At first glance, it seems like if the customer wants his espresso poured over ice, that's what the customer should get. But Jacob makes an interesting point: Murky's fastidiousness (or pig-headedness, depending on your perspective) about coffee quality is part of what sets it apart from the run-of-the-mill coffee shops. Murky isn't just selling coffee, they're also trying to build up a clientele that takes coffee seriously. This reminds me of a great post Don Marti wrote a couple of years ago called "FUD is good for you." Marti pointed out that while it's true that Microsoft's disinformation about free software could actually drive away some potential customers from free software, that's not necessarily a bad thing. These are, after all, likely to be the least technically-savvy customers, customers who will consume a disproportionate share of tech support resources and unlikely to be repeat customers.

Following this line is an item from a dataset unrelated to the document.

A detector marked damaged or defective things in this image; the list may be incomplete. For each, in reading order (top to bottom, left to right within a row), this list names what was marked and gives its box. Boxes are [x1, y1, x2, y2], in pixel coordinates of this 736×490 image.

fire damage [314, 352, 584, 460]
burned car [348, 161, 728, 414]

In the long run, the company might find it's actually more successful because some of its customers were scared away by FUD. I think we can see the same kind of attitude at Apple. For example, Steve Jobs took a lot of heat when he unveiled the iMac in 1998 without a floppy drive -- one small part of a broader strategy of giving customers what Jobs thought was good for them rather than what they asked for. That attitude has alienated a lot of potential customers over the years, but it has also produced a lot of repeat customers who are more loyal than the customers of any other computer company. In contrast, the PC vendors that have tried to serve every customer have wound up in a brutally competitive market with razor-thin margins.

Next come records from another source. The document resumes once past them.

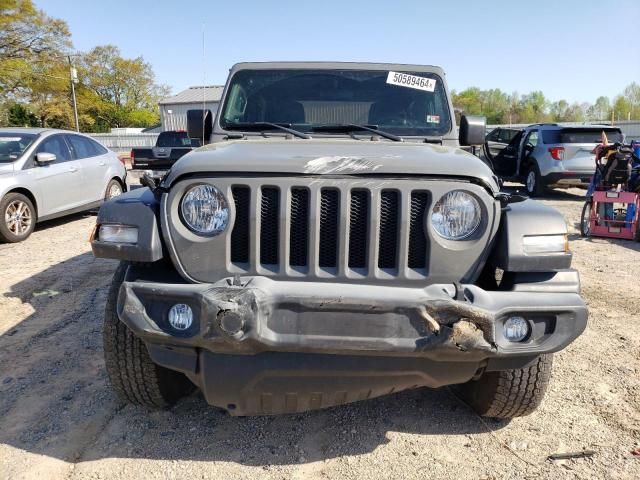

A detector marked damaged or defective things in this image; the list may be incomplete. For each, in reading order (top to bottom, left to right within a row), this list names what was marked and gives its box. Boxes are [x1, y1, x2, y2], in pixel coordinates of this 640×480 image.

damaged bumper section [117, 272, 588, 414]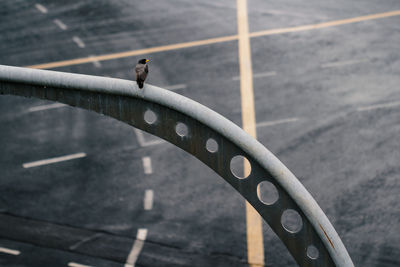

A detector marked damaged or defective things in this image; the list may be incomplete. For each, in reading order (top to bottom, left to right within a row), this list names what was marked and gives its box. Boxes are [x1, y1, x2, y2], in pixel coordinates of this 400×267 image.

rust stain on metal [318, 224, 334, 251]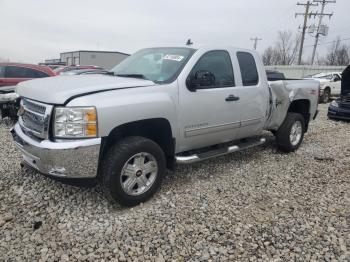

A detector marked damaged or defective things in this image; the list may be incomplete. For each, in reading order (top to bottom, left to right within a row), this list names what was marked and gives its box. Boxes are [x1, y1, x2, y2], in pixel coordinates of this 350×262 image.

damaged front end [0, 87, 20, 121]
crumpled hood [15, 74, 154, 104]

There are two lessons here. One, not all customers are created equal. To most customers, coffee is all pretty much the same, and one coffee shop is about as good as another. (Just as one all PCs and software stacks are pretty much the same.) But there's also a minority of customers who pay more attention to quality, and the latter will tend to be a lot more valuable because they'll be more loyal and more prepared to pay a premium for quality. If it's true that icing an espresso ruins it (personally I think coffee is all revolting, so I'm agnostic on the question), refusing to serve iced espressos may be a good business strategy; the customers it drives away probably wouldn't have stuck around for very long anyway. Similarly, Apple's high-handed approach to its customers seems to have worked fairly well for it. It's a niche player in the PC market, but it has proven to be an extremely profitable niche. Second, sometimes customers only discover quality after it's shown to them. It turned out that Jobs was basically right about the floppy drive; I bought an external floppy drive for my iMac but almost never used it. Similarly, Jacob notes that the coffee shop customer seems to have enjoyed the alternative iced beverage that was suggested to him. I doubt that particular customer will be back, but there may be others who develop a taste for the specialty coffee served at Murky and then start to notice the defects of coffee from run-of-the-mill coffee shops. Niche businesses can create loyal customers by guiding them towards more refined tastes, and this can be more rewarding than trying to comply with every whim of every customer.